(DATA PROVIDED):
⟨

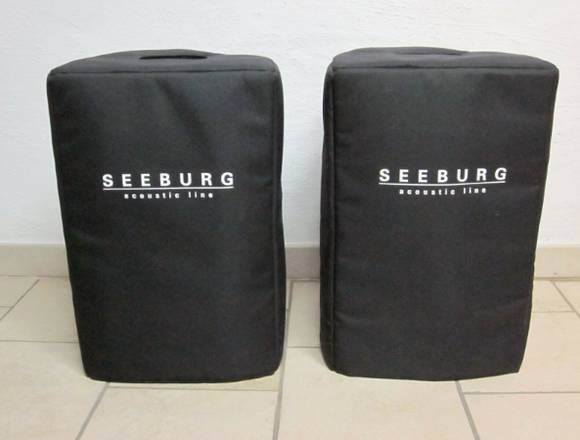 2 x Seeburg Acoustic Line TSM 10 Lautsprecher in Hamburg (Lokalität)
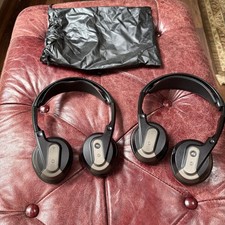 2 Rosen Headphones For Toyota Sienna 2014 Mini Van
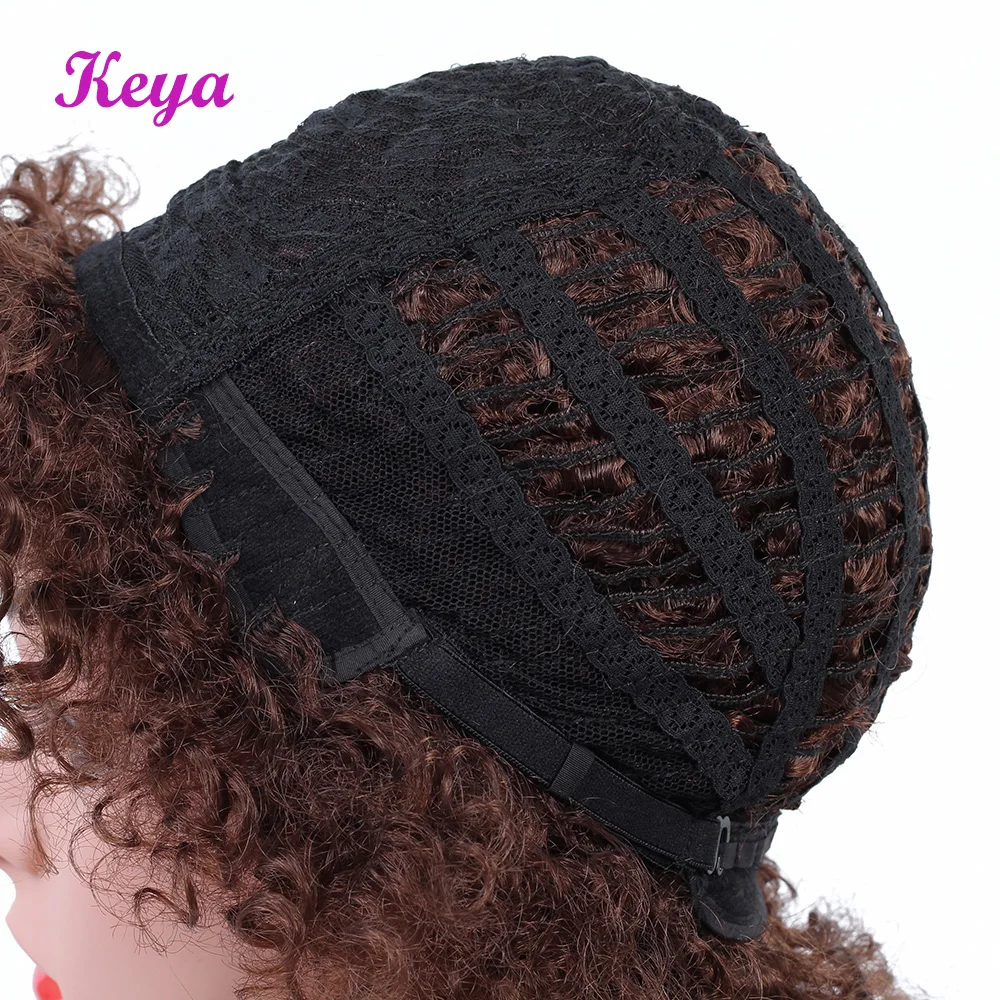 6 дюймов афро кудрявый парик для черных женщин короткий парик-Боб чистый серый цвет высокотемпературный синтетический парик с косичками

⟩

(BRIEF): No picture should be included when the data are set down again exactly.

(RESPONSE AREA):
 2 x Seeburg Acoustic Line TSM 10 Lautsprecher in Hamburg (Lokalität)
 2 Rosen Headphones For Toyota Sienna 2014 Mini Van
 6 дюймов афро кудрявый парик для черных женщин короткий парик-Боб чистый серый цвет высокотемпературный синтетический парик с косичками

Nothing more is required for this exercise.